Exercise goal
All entries below need to be written out exactly, but without their pictures.

[Image-text web data]
....

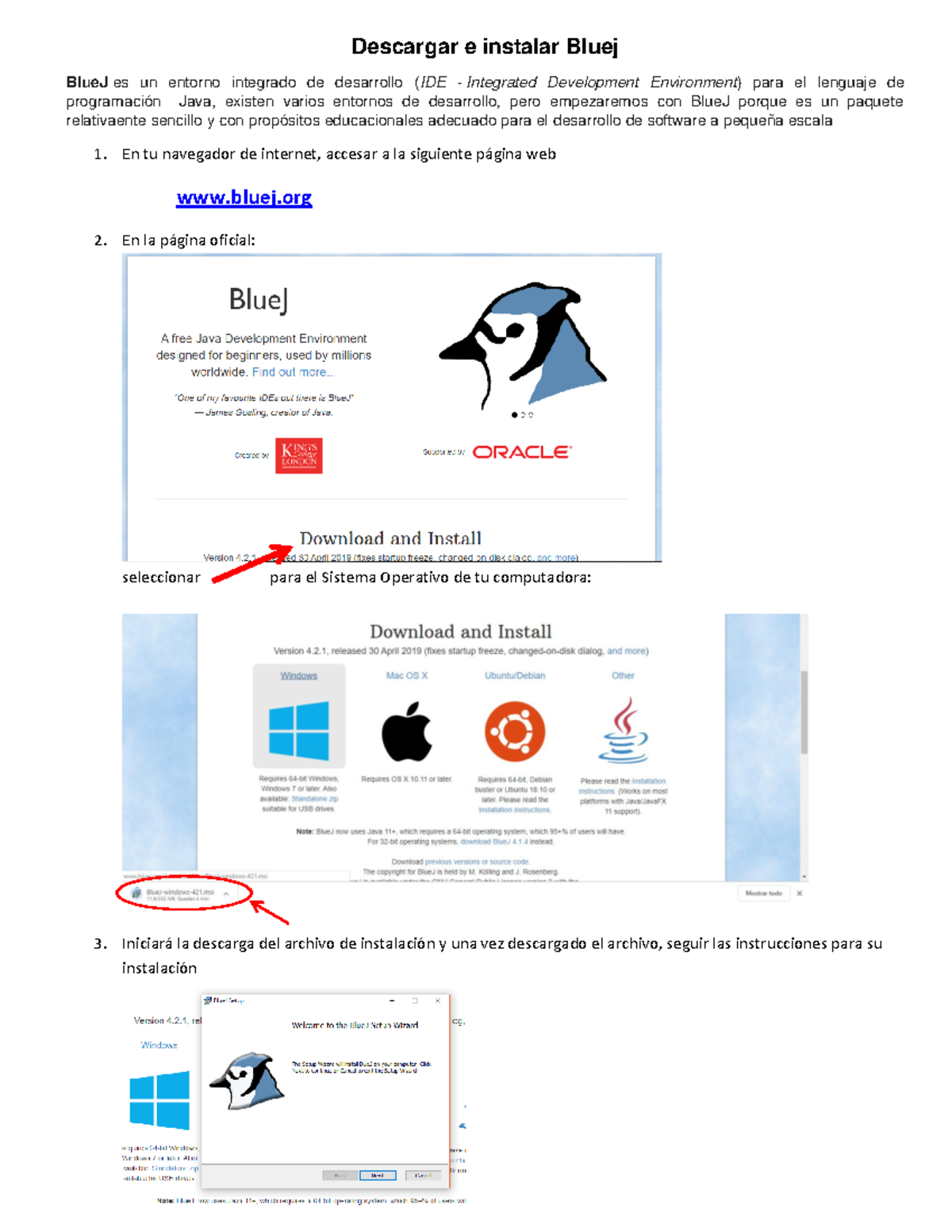 Instalar Java y Blue J - Instalación del programa Java y Blue J ...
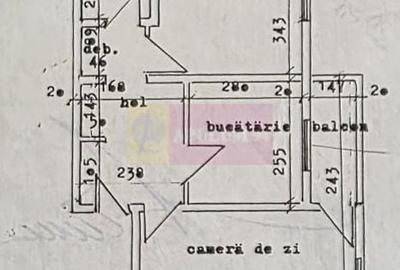 Apartament cu 2 camere decomandat în Central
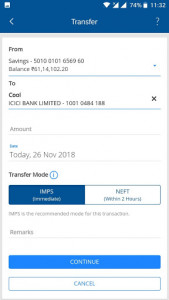 اسکرین شات برنامه HDFC Bank MobileBanking 6
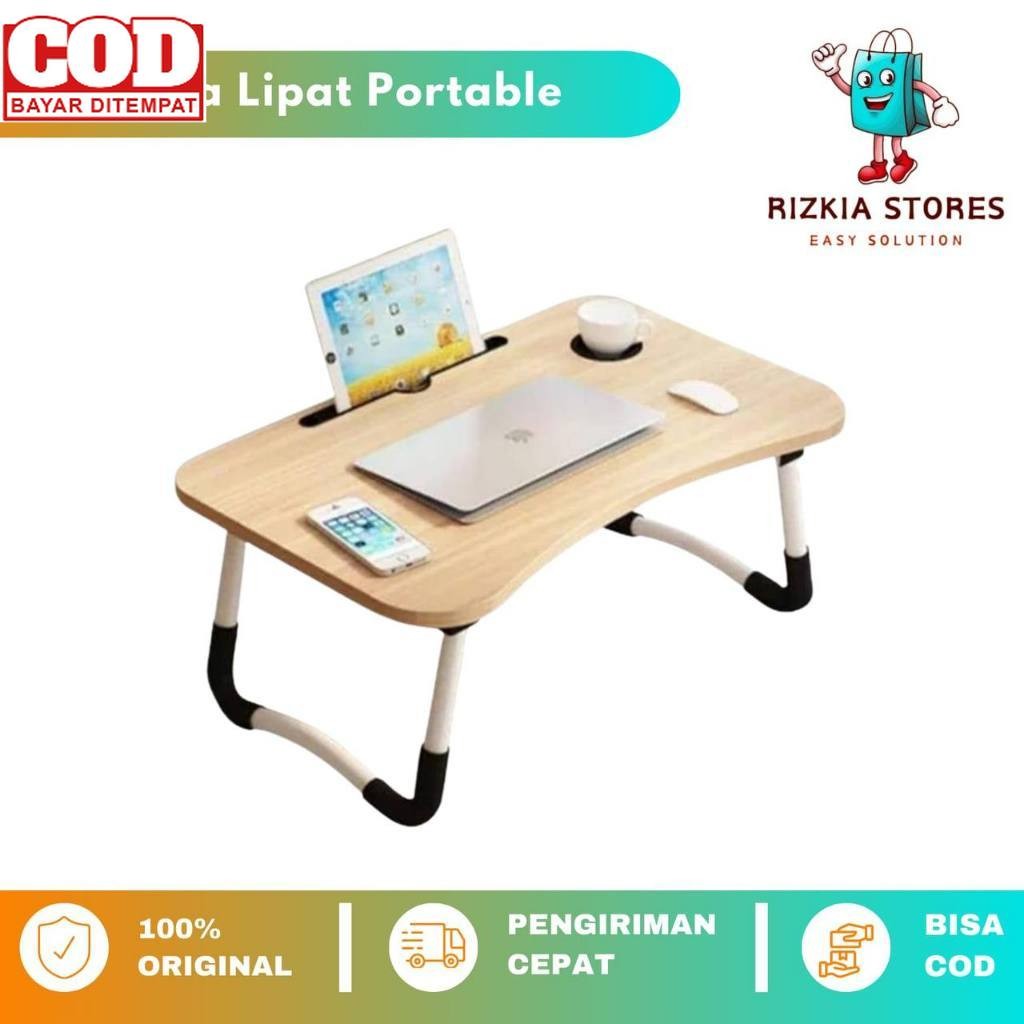 Meja Laptop Lipat Portable Meja Belajar Anak JUMBO- MEJA BELAJAR LIPAT
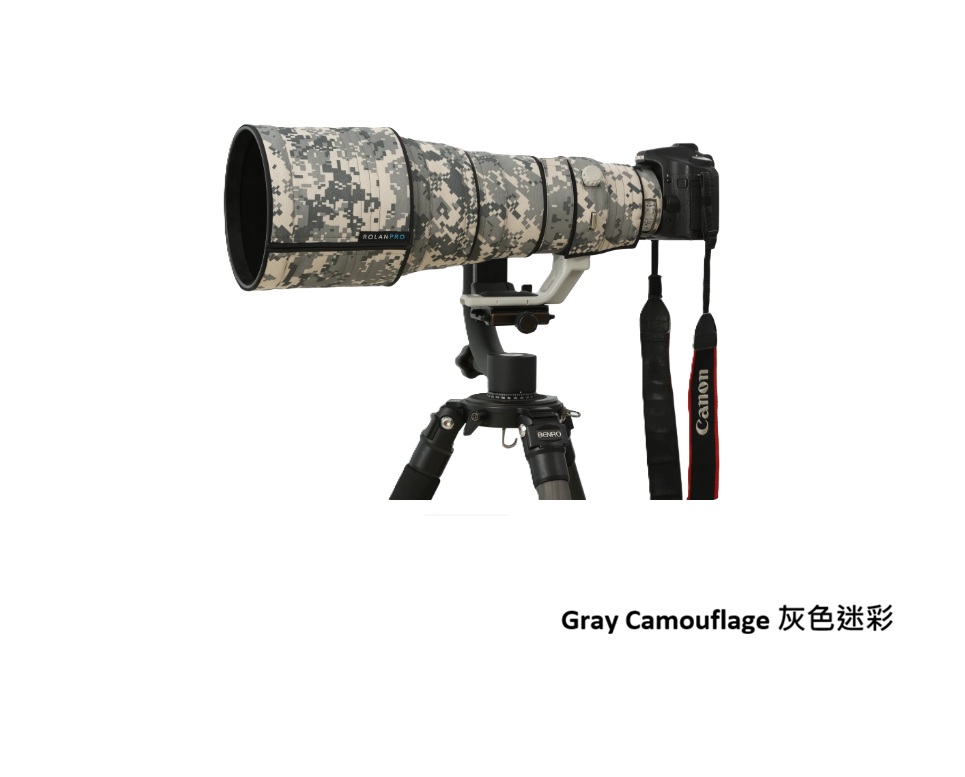 ROLANPRO Lens Camouflage Coat For Canon EF 400mm f/2.8L IS USM 防水炮衣 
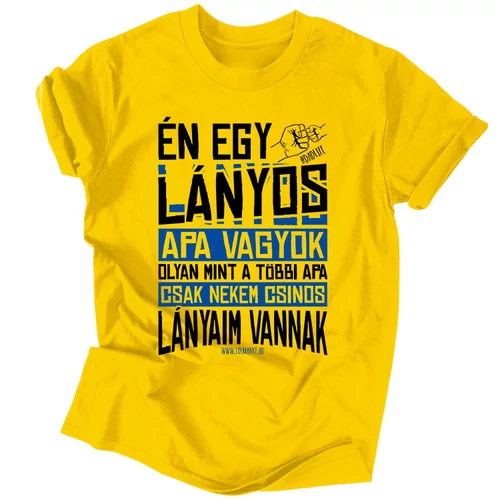 Csinos lányom van férfi póló (Sárga)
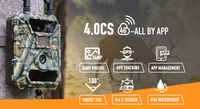 Caméra de surveillance de la faune portable et montable 4G, vidéo 1080P, image 24MP, alerte de position GPS, déclencheur PIR 0,2s-0,4s, IP66, Android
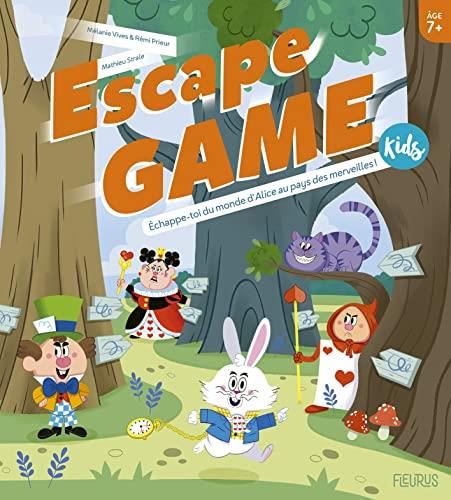 Escape game kids - Échappe-toi du monde d'Alice au pays des merveilles !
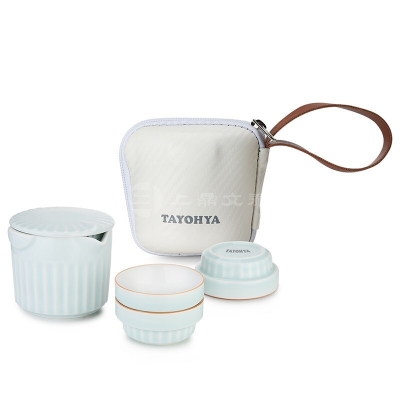 多样屋便携茶具旅行露营茶具TA3-0028BP 螺纹款茶壶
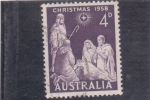 Sellos de Oceania - Australia -  Christmas,58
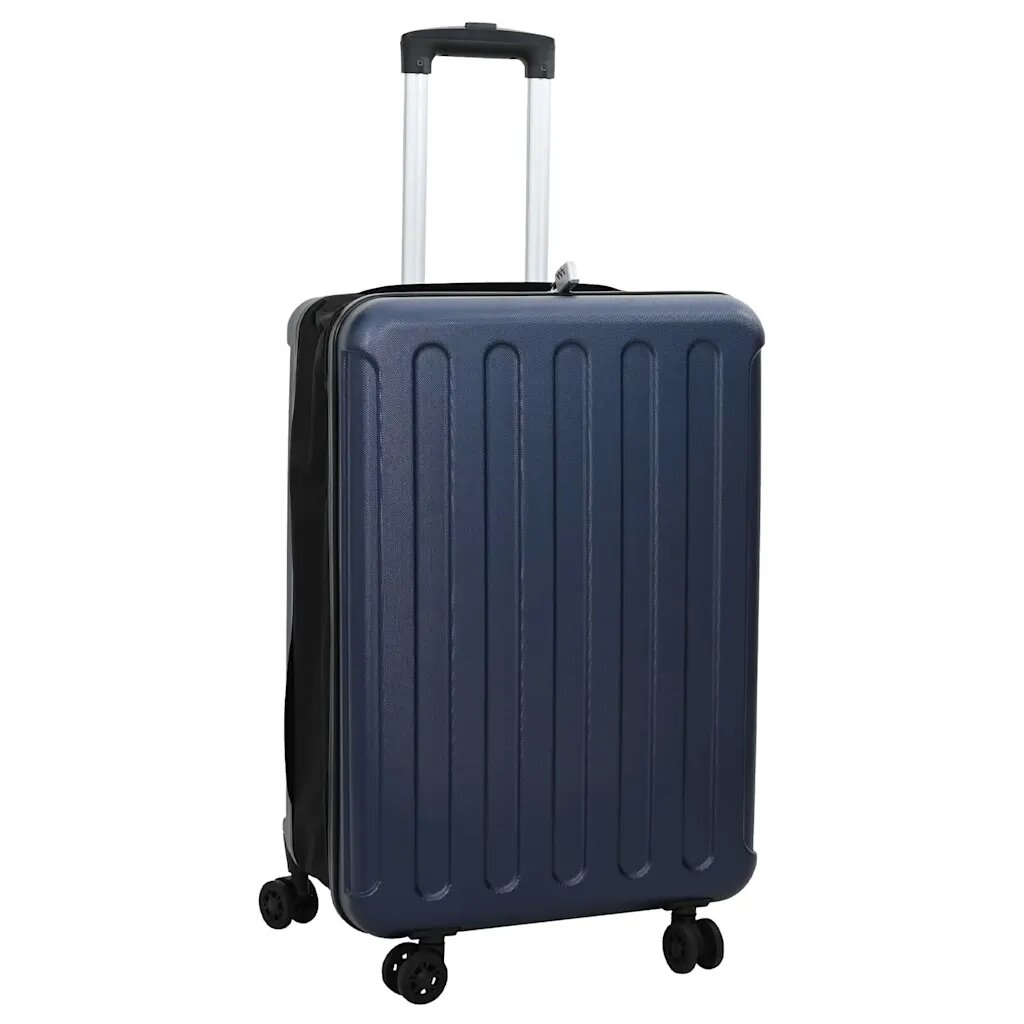 vidaXL Куфар с заключване Тъмносиньо 43 x 27 x 66 см ABS пластмаса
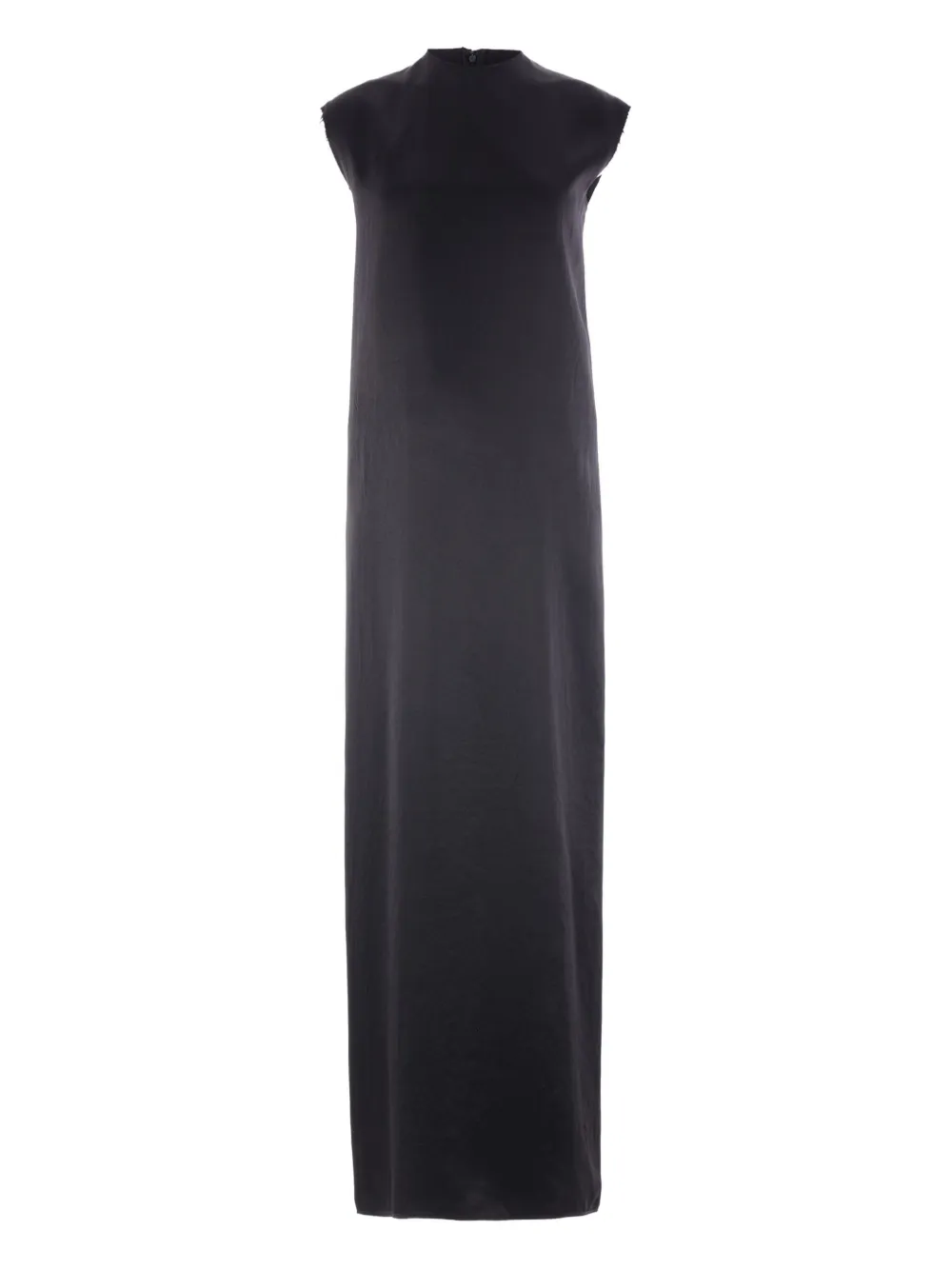 Balenciaga sleeveless raw-edge dress Zwart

....

Solution below
 Instalar Java y Blue J - Instalación del programa Java y Blue J ...
 Apartament cu 2 camere decomandat în Central
 اسکرین شات برنامه HDFC Bank MobileBanking 6
 Meja Laptop Lipat Portable Meja Belajar Anak JUMBO- MEJA BELAJAR LIPAT
 ROLANPRO Lens Camouflage Coat For Canon EF 400mm f/2.8L IS USM 防水炮衣 
 Csinos lányom van férfi póló (Sárga)
 Caméra de surveillance de la faune portable et montable 4G, vidéo 1080P, image 24MP, alerte de position GPS, déclencheur PIR 0,2s-0,4s, IP66, Android
 Escape game kids - Échappe-toi du monde d'Alice au pays des merveilles !
 多样屋便携茶具旅行露营茶具TA3-0028BP 螺纹款茶壶
 Sellos de Oceania - Australia -  Christmas,58
 vidaXL Куфар с заключване Тъмносиньо 43 x 27 x 66 см ABS пластмаса
 Balenciaga sleeveless raw-edge dress Zwart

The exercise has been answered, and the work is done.